Some things are missing: KS1 pupils no longer need to find out about the plants and animals in their local environment, and at KS2 there is no mention of the water cycle.
The effects of tobacco and alcohol on the body have been moved to the area of Understanding Physical Development, Health and Wellbeing.
Design and technology: the draft new curriculum states that children will continue to develop and create designs and to use different materials to make "functional solutions to meet user needs".
The early stage of primary learning calls for pupils to investigate the properties of everyday materials and taking account of these when deciding how to make things with them. Older pupils will need to build on this and also bring in ideas "from other cultures and times".
As with the current curriculum, designing sandwiches and slippers are possible options - but they have not been mentioned.
Understanding Physical Development, Health and Wellbeing
PSHE: There is a new and very pointed focus on nutrition, exercise and healthy living in this area of the curriculum.
This includes a strong emphasis on the relationship between physical activity and nutrition. And there are entirely new requirements that KS2 pupils learn to plan, prepare and cook simple healthy meals.
This focus on healthy eating is even incorporated into lessons about puberty and physical development: there is a requirement that pupils learn how "hygiene, physical activity and nutrition needs might change as a result of growth and adolescence".
John Lloyd, policy adviser for the PSHE Association, said: "The link with PE is actually quite an important one, given that healthy lifestyles are central to personal wellbeing. It's related to nutrition, exercise, self- esteem, and the Government's agenda on obesity."
But he adds that it is important to ensure that sex and relationships education is not lost amid this focus on diet and exercise.
PE: Subject specialists are concerned that physical education has been buried within the curriculum, and will therefore be overlooked.

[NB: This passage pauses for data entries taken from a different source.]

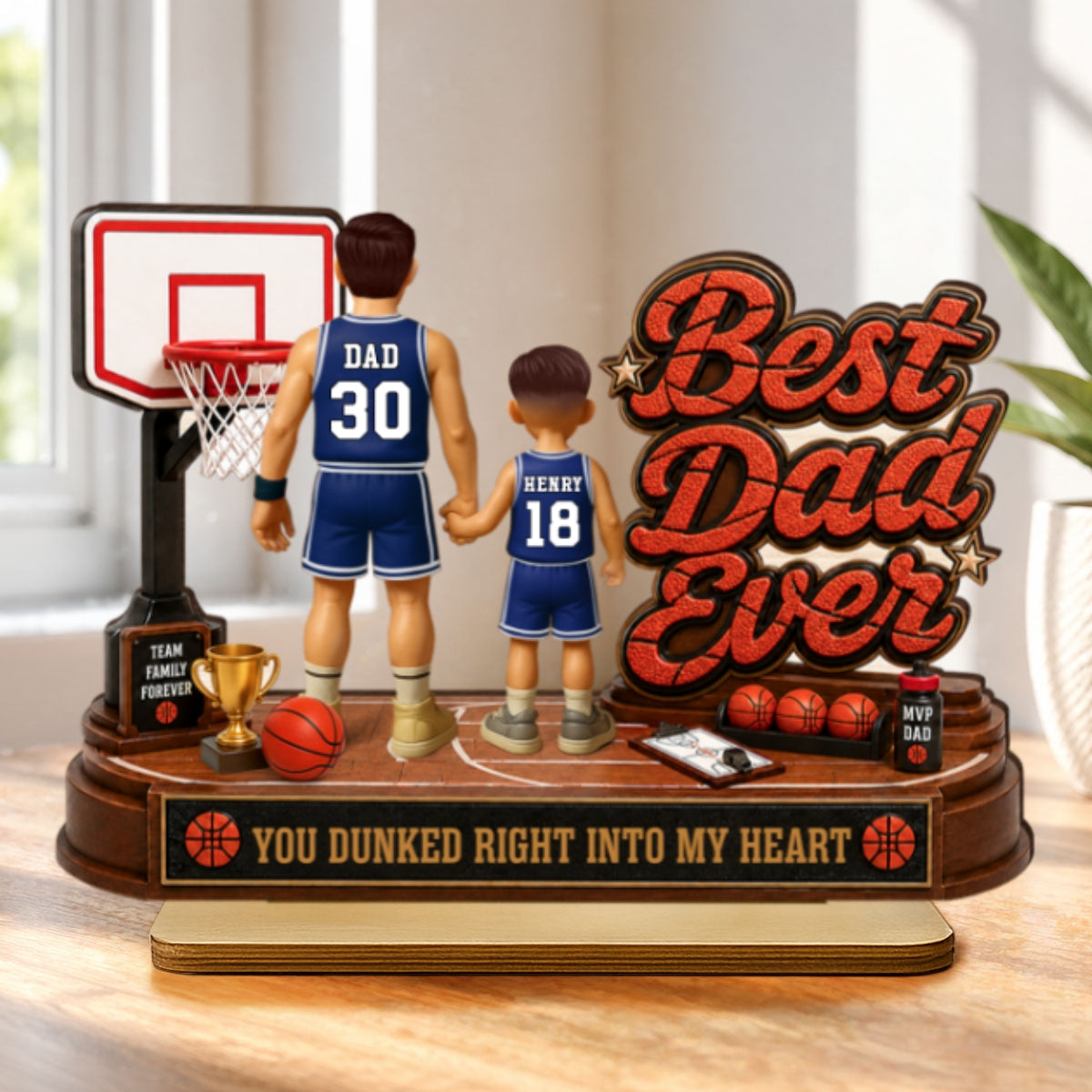 Best Basketball Dad Ever Dunked Right Into Our Hearts - Personalized 2-Layered Wooden Plaque - Father's Day Gift For Dad, Husband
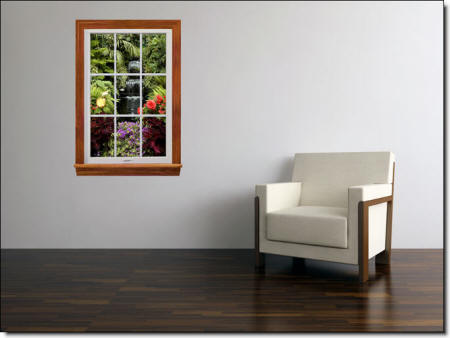 Garden Waterfall Window Wall Mural Roomsetting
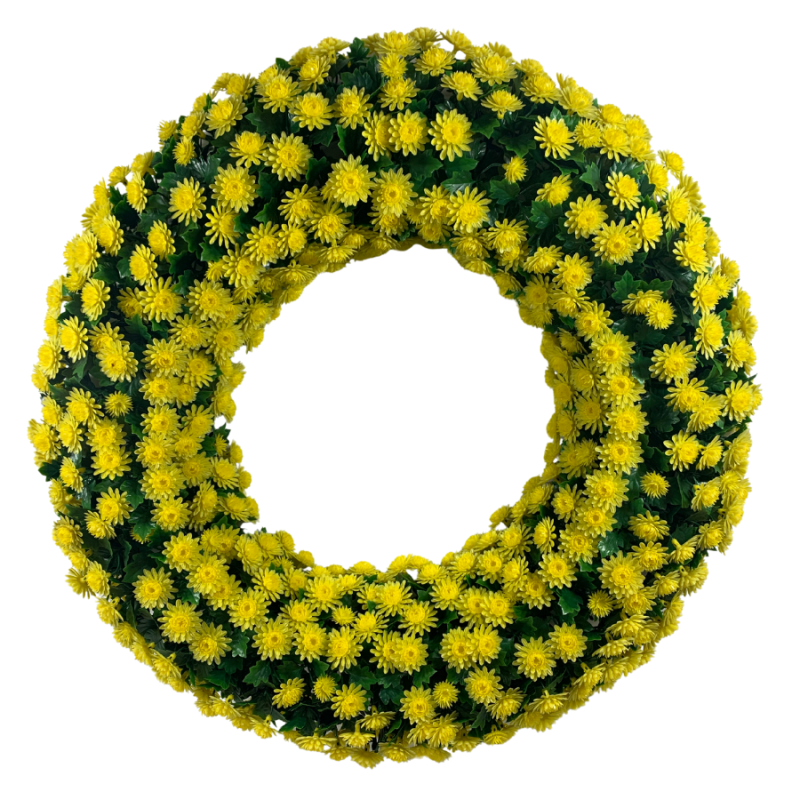 Mum Wreath 22" - UV Protected Yellow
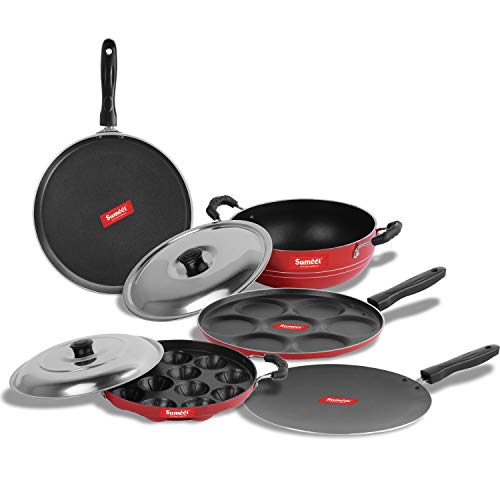 Image of Sumeet Non-Stick Aluminum Cookware Set (Dosa Tawa - 26.5 cm; Multi Snack Maker - 26.5 cm; D Kadhai with Lid 1.5 L; Grill Appam Patra with Lid - 23 cm; Concave Tawa -28 cm, 2.6 mm Thick, Ruby Red)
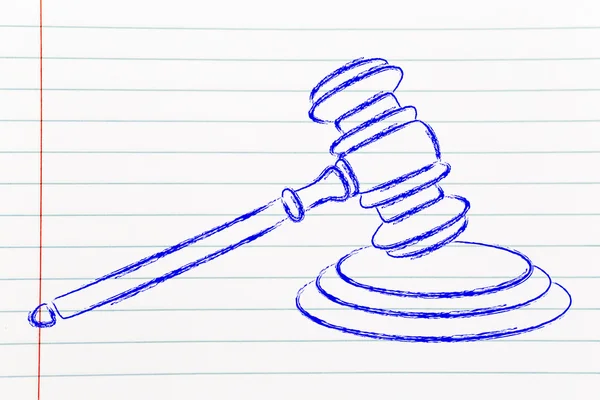 Law and courts: judges gavel illustration — Stock Photo, Image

Margaret Talbot, chief executive of the Association for Physical Education, points out that the words "physical education" do not appear until the curriculum is broken down into detailed sections.
She adds that, in countries such as Australia and South Africa, where PE was similarly buried, it gradually slid out of the curriculum.
But PE specialists have welcomed the new links between PSHE and social and emotional wellbeing. "There are a lot of common concepts," said Professor Talbot. "Challenge, risk, enterprise."
However, the new curriculum encourages a range and breadth of different sporting activities. These are detailed more explicitly - the explanatory notes mention football, rugby, tennis, ballroom dancing and trampolining - than in the previous version, which merely referred in more general terms to "competitive net, strikingfielding and invasion games".